Work to complete: Will you write out, word for word, every line from the one with "MacBook Pro 15" to the final line of the data below, with the pictures left out?

Scraped caption text data

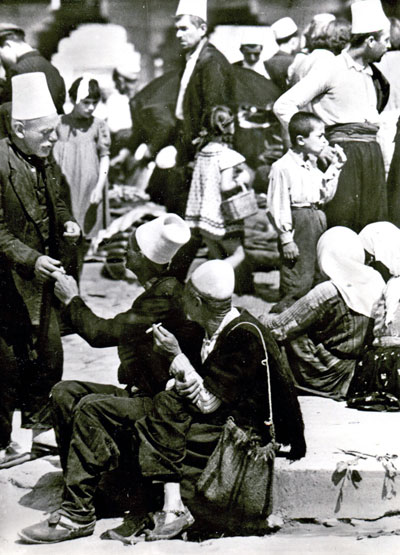 Market scene in central Albania (Photo: Karl Wimmer, 1944)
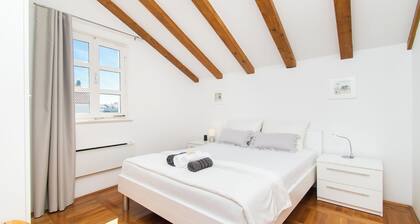 House Urban Bliss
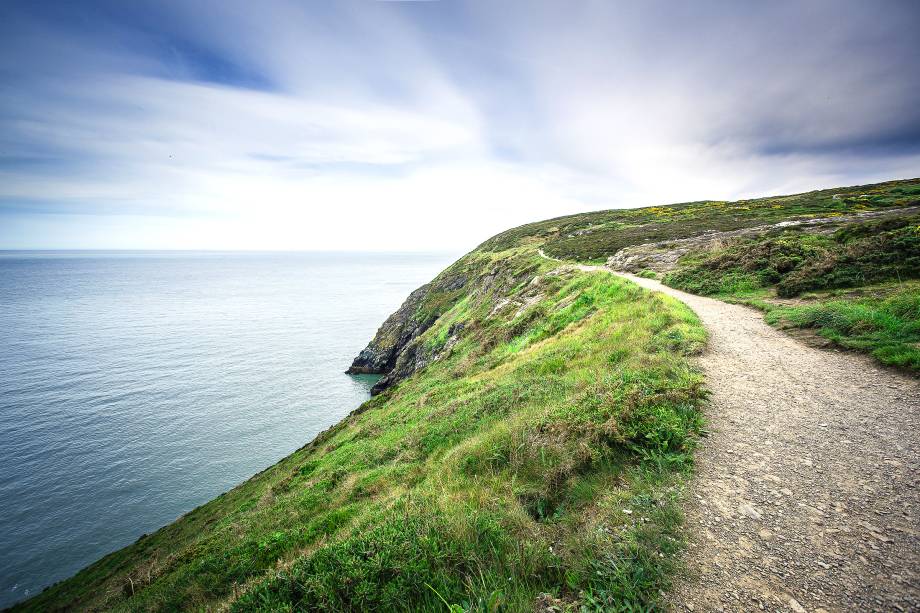 País de muitas histórias, a <a href="https://viajeaqui.abril.com.br/paises/irlanda" rel="Irlanda">Irlanda</a> é repleta de belos cenários, com lagos e montanhas que lhe conferem um ar bucólico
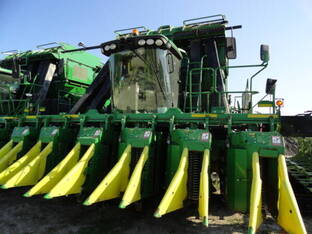 2020 John Deere CP690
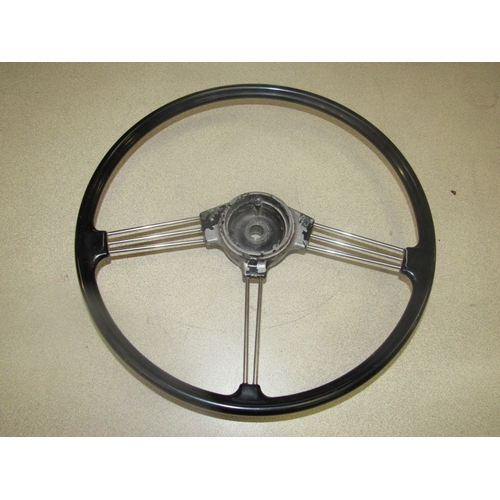 9154 - A vintage steering wheel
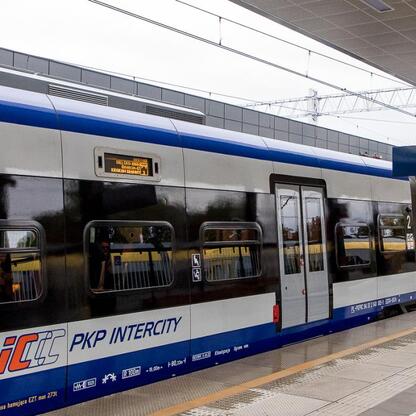 PKP Intercity ED74 na stacji Oświęcim, nowe połączenia Bielsko-Biała – Kraków. (wygenerowano przez AI)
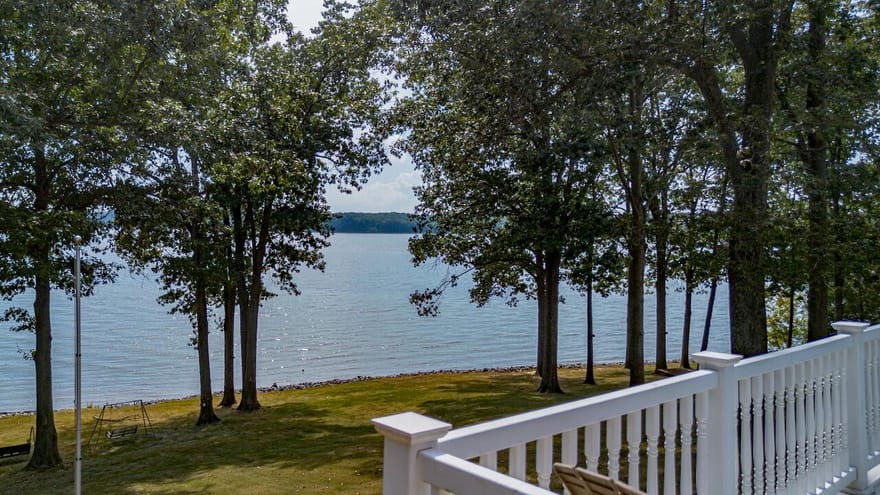 230 Cherokee Loop, Eddyville, Kentucky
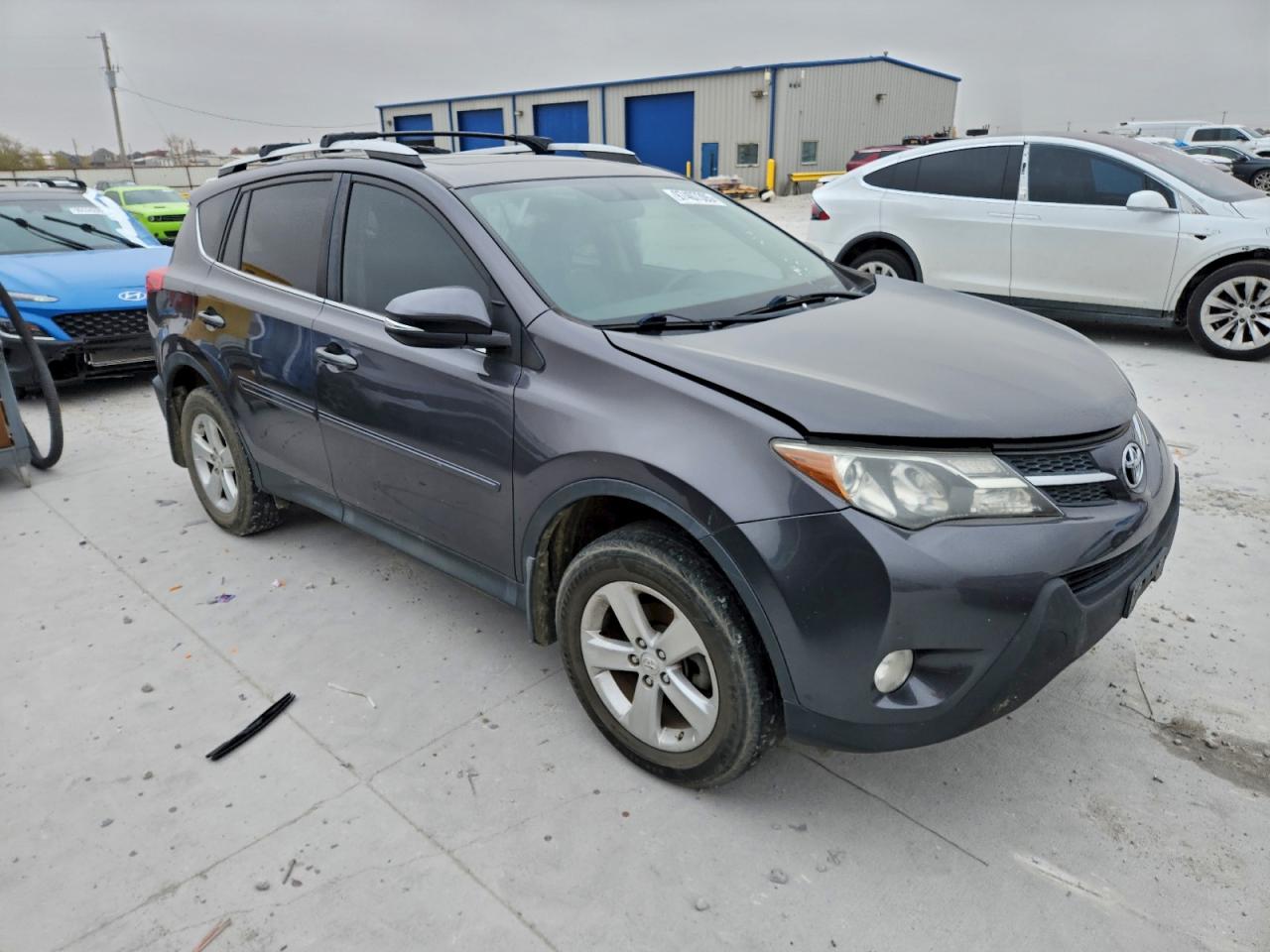 2014 TOYOTA RAV4 XLE photo 4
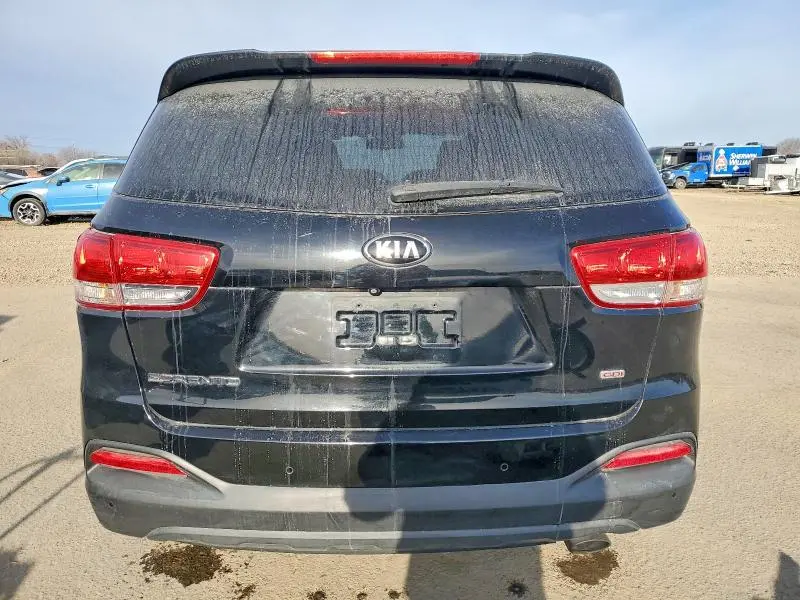 2016 KIA SORENTO LX  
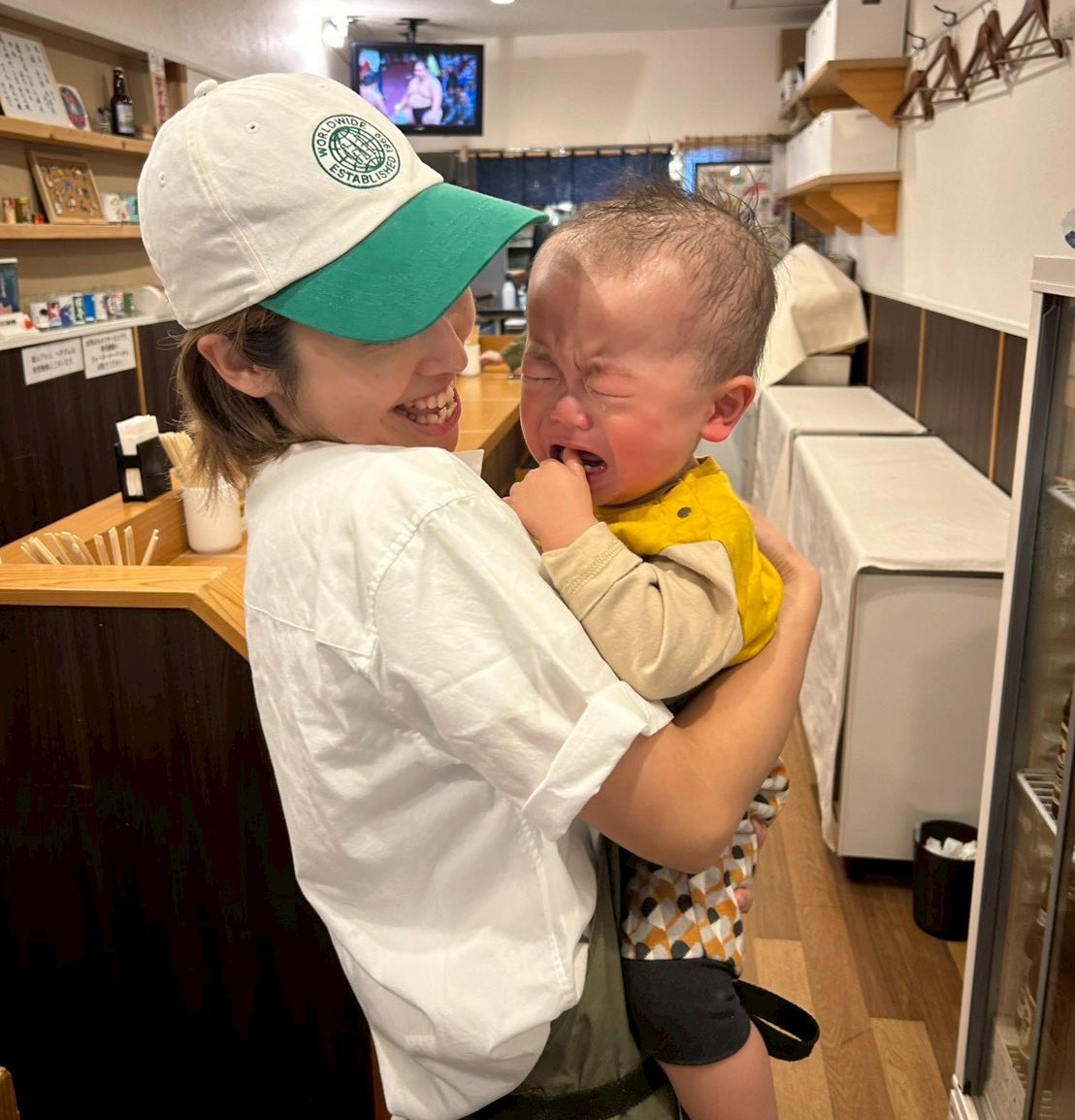 shinonomenoodle's tweet image. 11/18(火)
11:00〜14:30(L.O)
18:00〜20:00(L.O)

【 塩、醤油らーめん各種 】
▶︎ 醤油専用　ネギトッピング

【ホルモンどてそば】数量限定
▶︎ 〆チー(チーズごはん)

🍚卵黄と鰹節のごはん

夜はチャーシュー盛り🍖

幼馴染の息子くんを抱っこさせてもらって幸せ☺️大泣きさせちゃいましたが…笑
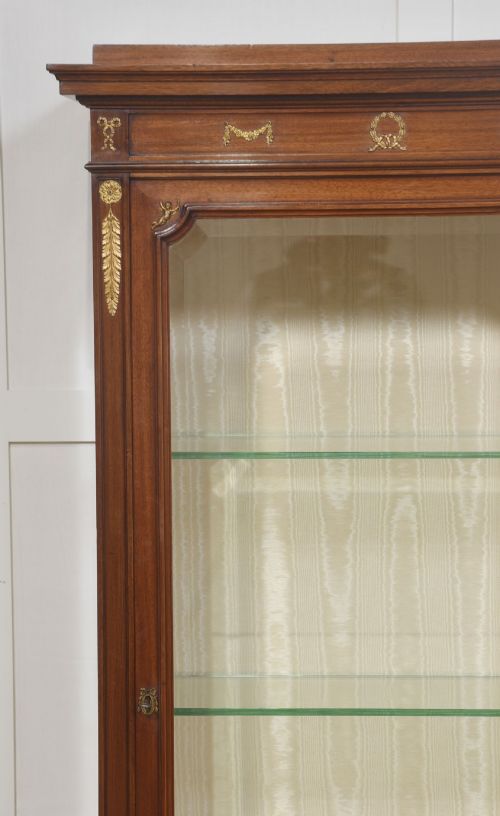 LOUIS XVI STYLE MAHOGANY VITRINE DISPLAY CABINET - ADDITIONAL PHOTO 1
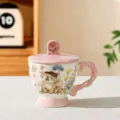 Keramiktasse mit Deckel Süßes Welpen Blumen Muster Rosa Variante Kaffeetasse Büro - 301-400ml / Blumen Welpe / Rosa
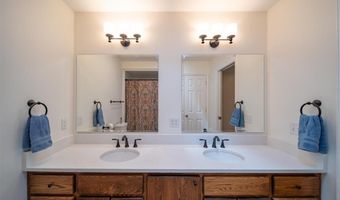 2925 Kent Ave, Cody, WY 82414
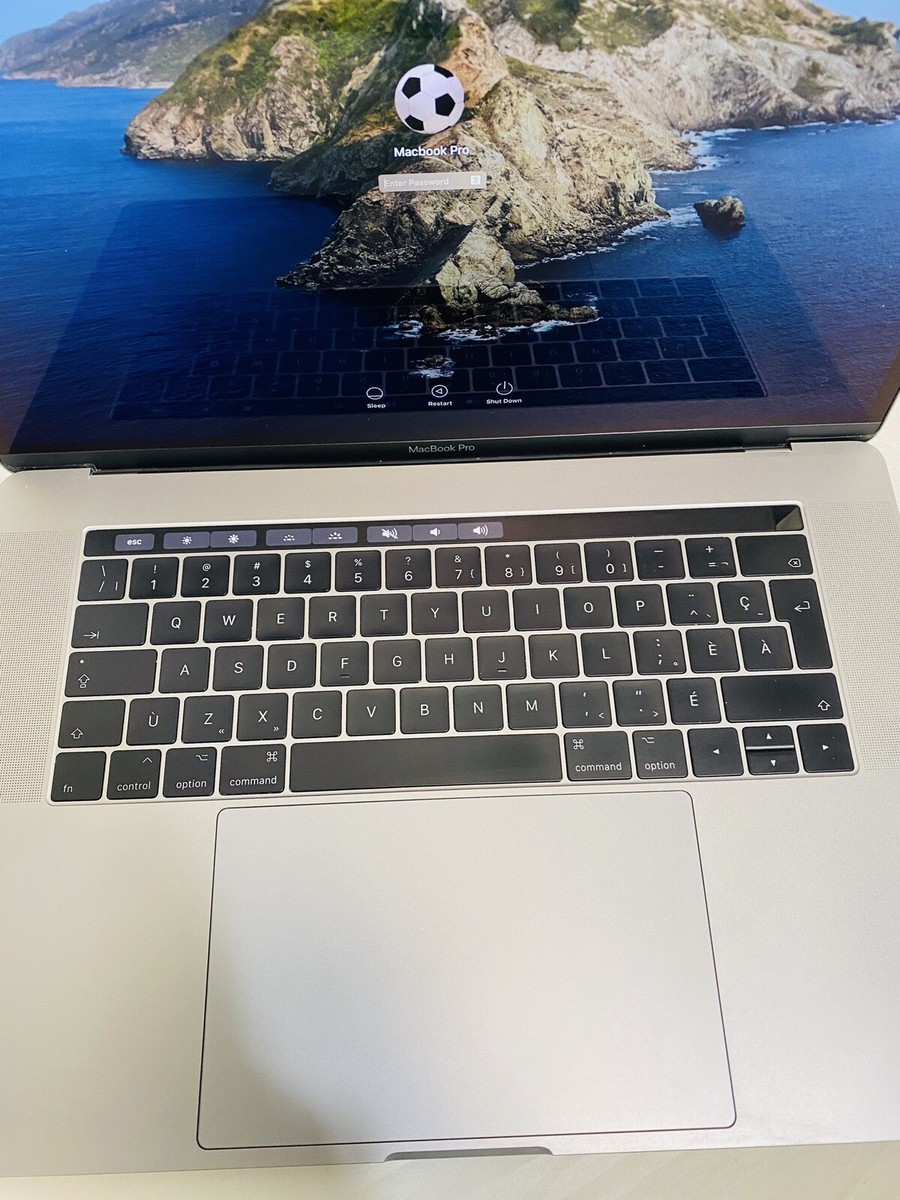 MacBook Pro 15 Touch Bar (2016) 2.7 GHZ Quad-Core i7 16GB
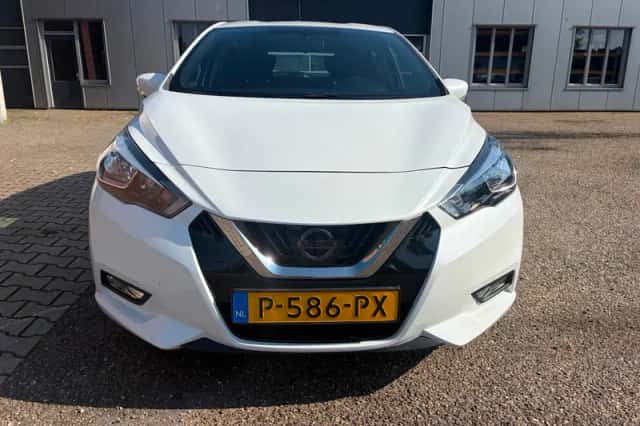 Nissan Micra (2018) thumbnail 2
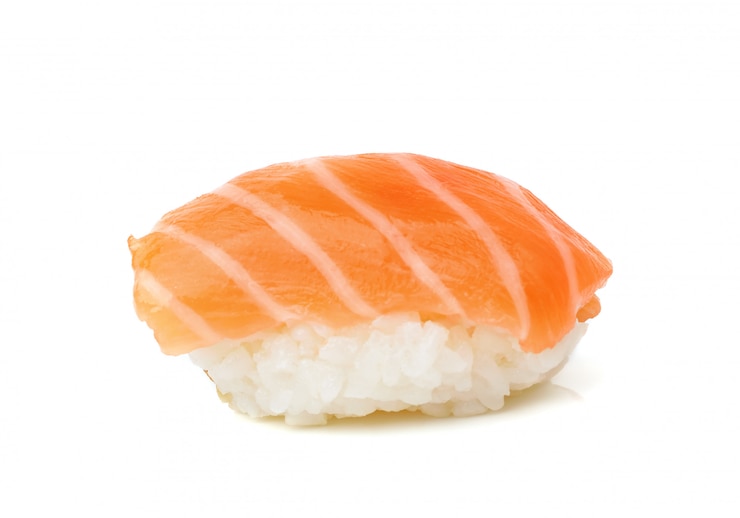 Foto sushi de salmón sobre un blanco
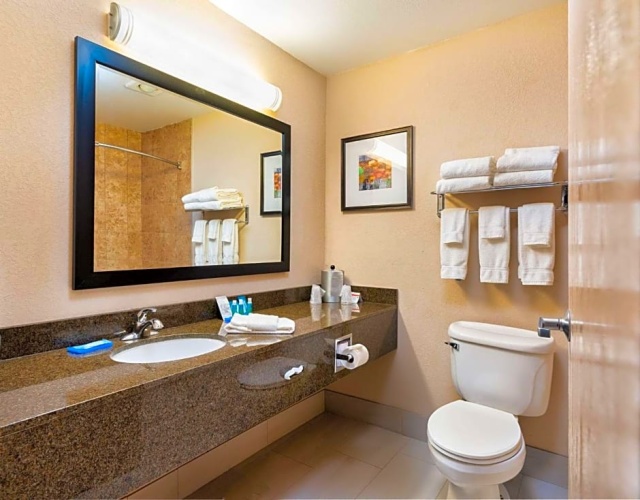1 Bedroom Quadruple Suite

Your solution:
 MacBook Pro 15 Touch Bar (2016) 2.7 GHZ Quad-Core i7 16GB
 Nissan Micra (2018) thumbnail 2
 Foto sushi de salmón sobre un blanco
1 Bedroom Quadruple Suite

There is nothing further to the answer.